▶ [The problem]:
When the line containing "Scenic Waterfall Graphic Tee - Black" appears in the entries below, begin printing there and stop after the line containing "Emur feathers fur"; print each of those lines exactly and no other line.

[Short web captions]
..........

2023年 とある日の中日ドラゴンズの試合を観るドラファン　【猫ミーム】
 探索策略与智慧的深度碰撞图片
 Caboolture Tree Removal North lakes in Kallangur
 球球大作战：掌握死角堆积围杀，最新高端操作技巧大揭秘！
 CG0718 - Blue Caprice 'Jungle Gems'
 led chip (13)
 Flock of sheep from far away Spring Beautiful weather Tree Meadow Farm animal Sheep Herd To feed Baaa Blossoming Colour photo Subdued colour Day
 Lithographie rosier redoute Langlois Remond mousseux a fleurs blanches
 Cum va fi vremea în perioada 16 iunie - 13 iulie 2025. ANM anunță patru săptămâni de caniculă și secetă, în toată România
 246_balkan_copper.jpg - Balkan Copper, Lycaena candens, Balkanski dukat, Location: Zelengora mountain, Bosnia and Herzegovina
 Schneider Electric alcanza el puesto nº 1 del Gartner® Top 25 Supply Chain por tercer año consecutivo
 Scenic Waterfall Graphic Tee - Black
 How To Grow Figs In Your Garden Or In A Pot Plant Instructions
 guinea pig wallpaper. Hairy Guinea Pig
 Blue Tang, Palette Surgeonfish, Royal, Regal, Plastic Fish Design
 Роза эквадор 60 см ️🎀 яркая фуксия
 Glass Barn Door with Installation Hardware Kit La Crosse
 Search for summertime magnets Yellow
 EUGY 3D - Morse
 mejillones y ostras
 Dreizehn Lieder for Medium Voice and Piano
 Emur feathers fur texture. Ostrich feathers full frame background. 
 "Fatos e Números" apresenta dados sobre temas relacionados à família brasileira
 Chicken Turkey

..........

▶ [Problem solution]:
 Scenic Waterfall Graphic Tee - Black
 How To Grow Figs In Your Garden Or In A Pot Plant Instructions
 guinea pig wallpaper. Hairy Guinea Pig
 Blue Tang, Palette Surgeonfish, Royal, Regal, Plastic Fish Design
 Роза эквадор 60 см ️🎀 яркая фуксия
 Glass Barn Door with Installation Hardware Kit La Crosse
 Search for summertime magnets Yellow
 EUGY 3D - Morse
 mejillones y ostras
 Dreizehn Lieder for Medium Voice and Piano
 Emur feathers fur texture. Ostrich feathers full frame background. 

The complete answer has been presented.